Dawn left politics in 2011 and became Northern Ireland Programme Director with Marie Stopes International (MSI). She is currently a self-employed consultant working at home and abroad. Dawn continues to devote much of her spare time to community and voluntary initiatives aimed at tackling socio-economic disadvantage and exclusion.
Brian John Spencer: "When did you first learn about the Easter Rising of 1916?" Dawn Purvis:
"Probably Easter 1996 when I saw for the first time Republicans wearing Easter Lilies."
BJS: "Do the men, the act or the stated ideals in the proclamation mean anything to you?" DP:
"Only in the sense that they brought about the state of Northern Ireland. I would have much preferred the 26 countries to remain within the union."
BJS: "When did you first learn about the Battle of the Somme?" DP:
"As a child from my daddy and his stories of family members who fought and others who supported the war effort from home."
BJS: "Does this act, the men and their determination to show their loyalty to Britain mean anything to you?" DP:
"It brought home to me the horror of war and the untold suffering of everyone involved. Growing up in a family with a strong tradition of serving in the armed forces I could understand the motivation for joining up and ‘doing your bit’. That sense still prevails today although the motivations of those in positions of power who chose to go to war appear selfish and partisan."
BJS: "As a (British/Irish/Northern Irish*) person, is the 1916 Rising important to you and your sense of identity and sense of belonging on this island?" DP:
"It is not important for those reasons but it is important in the sense that it shaped the lives and political views of many people on this island and is part of our shared history prior to partition and one that some people aspire to today."

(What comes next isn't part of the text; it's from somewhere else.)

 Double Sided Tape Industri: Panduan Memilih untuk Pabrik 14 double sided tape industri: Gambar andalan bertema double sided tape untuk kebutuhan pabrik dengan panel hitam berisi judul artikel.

BJS: "As a (British/Irish/Northern Irish*) person, is the Somme offensive important to you and your sense of identity and sense of belonging on this island?" DP:
"More so because of the family connections it is important to me. And again it forms part of our shared history."

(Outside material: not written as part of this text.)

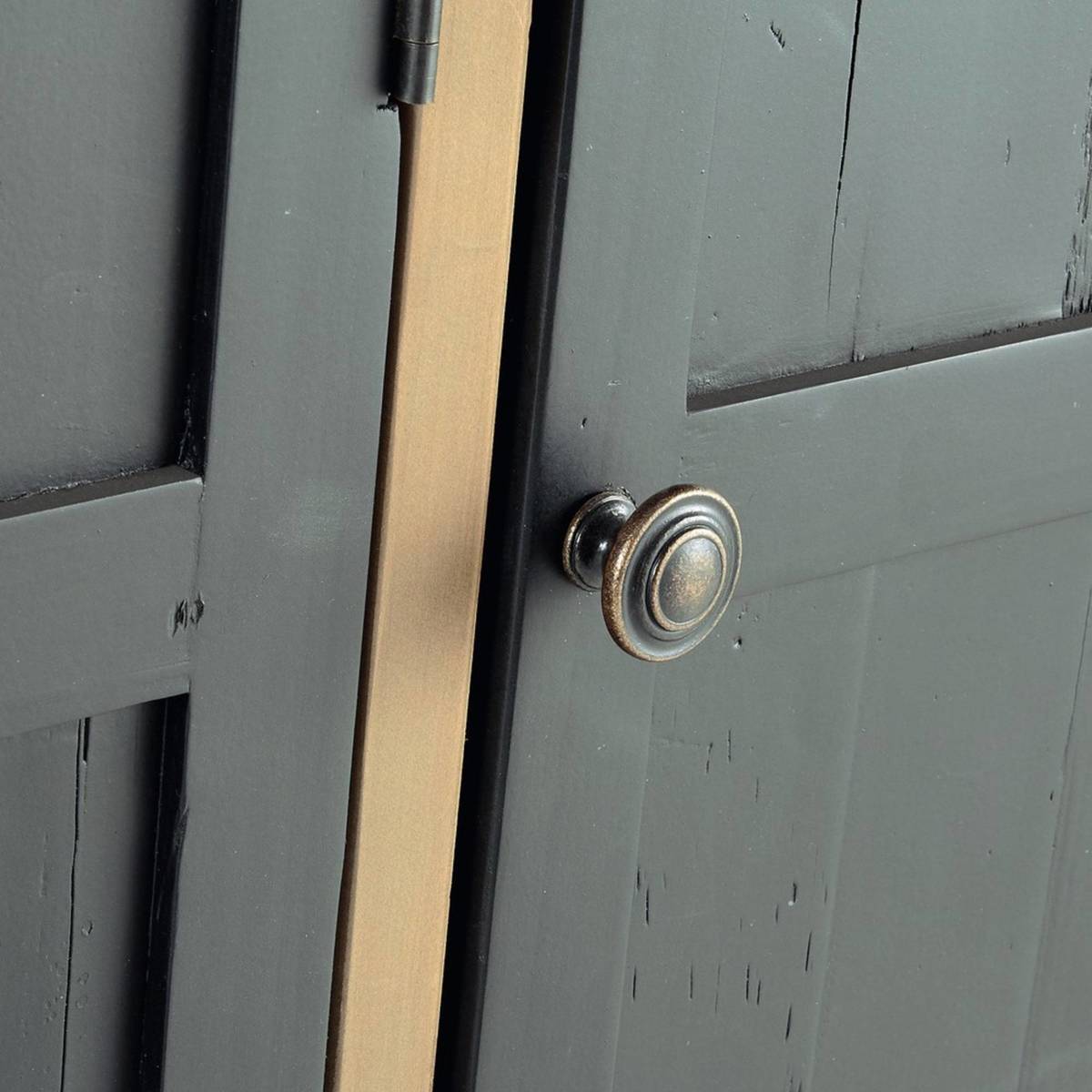 Black Recycled Pine Industrial 3-Door Wardrobe Toulouse – image 4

BJS: "Will you be commemorating or celebrating either of these two events in April and July of this year respectively?" DP:
"I hope to attend a number of events in order to learn more about them."
BJS: "Are you happy with the series of commemorative events put on by the Irish State? And what do you think of Arlene Foster's take on the events of Easter 1916 (she has refused to attend any commemorations)?" DP:
"I am glad that the Irish State is recognising a seminal event that contributed to its own existence. I would have hoped to see our First Minster attending events in recognition of our shared history."

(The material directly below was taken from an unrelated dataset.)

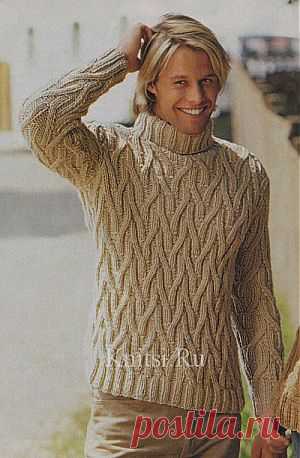 Свитер с эффектным зигзагообразным узором. Вязание для мужчин / Свитера / Спицами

BJS: "As a person on (or from) the island are you happy with the where we are now at in terms of culture, cosmopolitanism and broad-mindedness?" DP:
"No. I think we still have a long way to go to recognise and appreciate the rich diversity of many people that co-habit this small place."
BJS: "What are your hopes for the future of this divided province and island?" DP:
"That we get to the point were we can stand together side by side at different events exploring our past and our future without expecting an elbow in the ribs."
BJS: "Please share any further thoughts these questions may have stimulated." DP:
"The more we stay confined to our own barracks the more we need to get out and explore life beyond our comfort zones. Making peace and building reconciliation involves placing yourself in uncomfortable situations and having conversations that you’d rather not have. Commemorations provide such opportunities."